Commonly, before a broadcast football game you will see the positions of each team's players on the field. Now since this can't be enforced as a rule, wouldn't it be strategically benificial that coaches lie about who's playing where ? Although the names of the players composing the squad are verifiable, their actual positions aren't. Does this ever happen ?
Actually the coaches usually don't talk to the press about their formation at all. So there's no need to lie.
At least in the DFL and DFB rules there is a clear procedure, because it's done online (for almost any official competition in Germany, including the Bundesliga):
- Team A reports their team (starting 11 + subs, goalkeeper, captain)
- Team B reports theirs
- When both teams have confirmed their team it will be locked automatically and made available to the officials and the opposing team
- In the pro leagues the home team now has to take care that the press gets a (printed) copy (usually done by a media representative). They usually look like this:
So since there is no official report about the exact formation we can safely assume that the formation on the screen is a good guess based on past games and the position players usually play. Sometimes the coach talks about the formation (something like "We'll play 4-3-3." without mentioning names) in the press conference before a game, but usually they don't.
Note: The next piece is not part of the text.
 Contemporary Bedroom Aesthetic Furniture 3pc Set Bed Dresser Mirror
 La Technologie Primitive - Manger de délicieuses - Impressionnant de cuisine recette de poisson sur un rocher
It'a actually as simple as the broadcasters making an educated guess based on previous matches. If a team is playing the same four defenders as the previous match, the broadcaster assumes the team is still playing a back four with players in the same positions. Uefa do this as well with their teamsheets.
There are often occasions where play starts and the commentators point out x team are actually playing a back five, for example, if this formation was unexpected beforehand.